===== EXERCISE DATA

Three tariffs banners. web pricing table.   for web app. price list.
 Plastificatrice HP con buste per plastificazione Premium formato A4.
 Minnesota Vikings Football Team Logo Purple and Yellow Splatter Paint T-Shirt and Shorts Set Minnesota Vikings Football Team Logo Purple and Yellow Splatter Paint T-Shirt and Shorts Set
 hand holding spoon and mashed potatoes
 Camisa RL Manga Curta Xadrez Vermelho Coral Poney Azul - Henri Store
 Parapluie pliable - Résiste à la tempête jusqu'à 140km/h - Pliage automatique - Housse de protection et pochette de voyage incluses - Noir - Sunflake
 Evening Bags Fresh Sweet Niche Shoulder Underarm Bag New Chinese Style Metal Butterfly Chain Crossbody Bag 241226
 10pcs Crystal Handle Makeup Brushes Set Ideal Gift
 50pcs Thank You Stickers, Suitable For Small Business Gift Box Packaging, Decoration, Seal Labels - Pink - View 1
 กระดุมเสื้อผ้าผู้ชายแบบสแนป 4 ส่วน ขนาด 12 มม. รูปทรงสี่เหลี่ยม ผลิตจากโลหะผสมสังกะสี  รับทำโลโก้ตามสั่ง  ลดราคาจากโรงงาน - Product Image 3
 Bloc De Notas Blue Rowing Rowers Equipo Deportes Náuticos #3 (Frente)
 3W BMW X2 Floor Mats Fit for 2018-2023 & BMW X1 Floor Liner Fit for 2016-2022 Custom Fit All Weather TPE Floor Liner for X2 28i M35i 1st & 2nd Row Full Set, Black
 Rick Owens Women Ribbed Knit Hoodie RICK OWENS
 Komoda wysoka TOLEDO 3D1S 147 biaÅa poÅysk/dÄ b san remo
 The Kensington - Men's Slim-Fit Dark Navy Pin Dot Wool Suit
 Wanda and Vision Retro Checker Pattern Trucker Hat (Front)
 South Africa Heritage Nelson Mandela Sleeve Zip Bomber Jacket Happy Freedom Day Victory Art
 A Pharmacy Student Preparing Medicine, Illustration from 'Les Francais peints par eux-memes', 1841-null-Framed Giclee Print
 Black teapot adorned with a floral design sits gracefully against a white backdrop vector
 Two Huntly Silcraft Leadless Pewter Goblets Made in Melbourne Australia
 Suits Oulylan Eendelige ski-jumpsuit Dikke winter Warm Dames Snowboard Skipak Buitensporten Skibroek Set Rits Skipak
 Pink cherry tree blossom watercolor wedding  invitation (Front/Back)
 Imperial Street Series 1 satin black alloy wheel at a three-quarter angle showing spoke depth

==========

### WHAT YOU SHOULD DO
Copy out each line of the data above, exactly, if it lies between the line holding "Wanda and Vision" and the line holding "Black teapot adorned", inclusive; copy no other line.

### OUTPUT BELOW
 Wanda and Vision Retro Checker Pattern Trucker Hat (Front)
 South Africa Heritage Nelson Mandela Sleeve Zip Bomber Jacket Happy Freedom Day Victory Art
 A Pharmacy Student Preparing Medicine, Illustration from 'Les Francais peints par eux-memes', 1841-null-Framed Giclee Print
 Black teapot adorned with a floral design sits gracefully against a white backdrop vector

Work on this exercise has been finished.